Pero no hay que ser demasiado perspicaz para distinguir la ordinariez y la vulgaridad cuando se ejercitan como estrategia política. Es asombroso, además de sonrojante, contemplar a veces a nuestros ilustres diputados y senadores en pleno ejercicio de sus honorables funciones. No me refiero a los mítines, porque en ellos la sociedad acepta tácitamente que se abra la veda de la insolencia y la tosquedad, sino a cuando el escenario es alguna de las cámaras de representación. Tampoco aludo sólo a insultos con palabras gruesas o mal sonantes. Estoy simplemente pensando en las ramplonas insinuaciones sobre prácticas políticas fraudulentas y no demostrables, en las toscas acusaciones sobre supuestos motivos que llevan a los líderes a perseverar en el ejercicio de sus funciones o en los calificativos de oportunismo que estos días se repiten con tan machacona insistencia.

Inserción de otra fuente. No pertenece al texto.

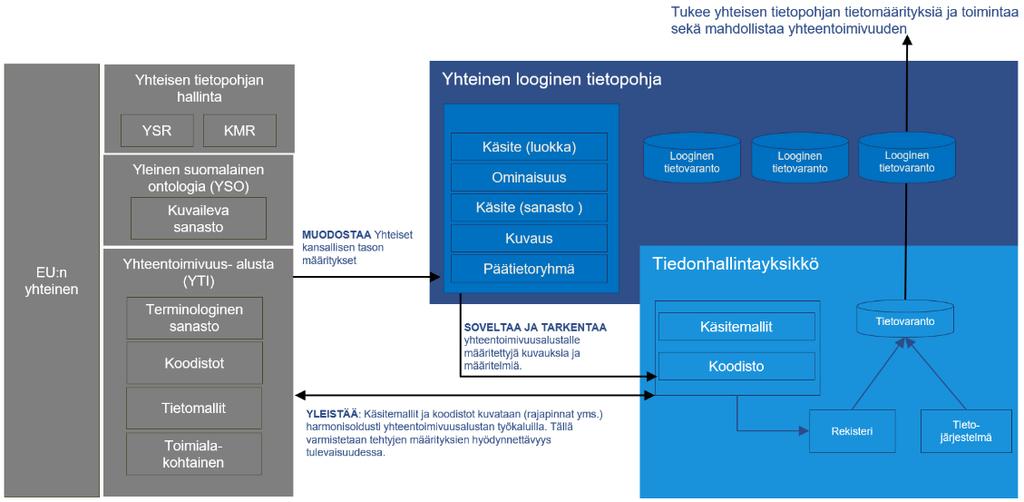 27.3.2019 33 (55) sistaan riippuvaisista toimijoista ja tietovarannoista. Tiedonhallintayksikön vastuulla on taata oman toimintonsa tiedon laajempi hyödynnettävyys yhteisessä loogisessa tietopohjassa.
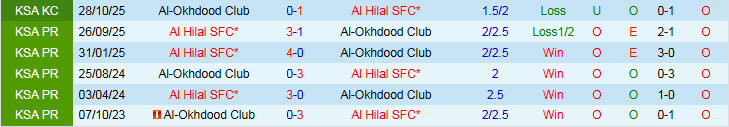 Nhận định, Soi kèo Al-Okhdood vs Al Hilal 0h30 ngày 6/2: Không được phép mất điểm - Ảnh 4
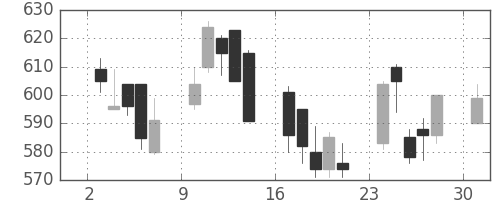 京王の日足チャート(2002年6月)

Ustedes son unos ocupas. Tienen un pacto secreto con los que quieren romper España. Están siendo cómplices de un golpe de Estado. Se gastan el dinero en putas. Son unas ratas. Nada más y nada menos. Recriminaciones que demuestran que quien las emite no debe de encontrar puntos débiles políticos en el día a día de sus adversarios por donde atacar como oposición. Acusaciones que sólo demuestran rabia y crispación. Desmañadas maniobras que desacreditan al que las utiliza. Palabras sin soporte fehaciente. Bla, bla, bla.
Me decía el otro día un amigo de pensamiento progresista (tengo amigos de todos los colores) que oír esta continua letanía de machacones intentos de desacreditación le reconfortaba, porque era muy improbable que calara en la mente de los ciudadanos. Sólo sus incondicionales –añadía- las recibirán con satisfacción, pero esos ya se sabe de antemano lo que opinan. Sin embargo -continuaba-, la enorme franja de votantes que miran a izquierda y a derecha para decidir qué es lo que más conviene en cada momento, que no son otros que los que al final inclinan la balanza en las elecciones, no pueden entender tanta falta de ideas, tanta trivialidad. Es más, muchos de ellos echarán de menos la sana confrontación de ideas, la imprescindible discusión sobre la idoneidad de las medidas económicas y el necesario contraste entre los modelos políticos propuestos por unos y por otros. En definitiva -concluía su raznamiento-, lamentarán que no se esté haciendo oposición en el exacto sentido de la palabra.
Está claro que algunos intentan fomentar la crispación como estrategia para lograr recuperar el poder a toda prisa. Se les nota tanto que su actitud produce vergüenza ajena. Han abandonado la senda del diálogo político y de la legítima discusión parlamentaria para caer en la torpe descalificación personal. Digo torpe, porque convence a pocos. Ni siquiera, según indican las encuestas, a muchos de sus antiguos votante. Pero lo peor no es eso, lo peor es que el griterío va en aumento día a día, como si una vez iniciado el camino emprendido les faltara cintura política y fueran incapaces de cambiar el rumbo. Ellos sabrán lo que hacen con sus estrategias, pero a mí no me parece que ese sea el camino que más les favorece.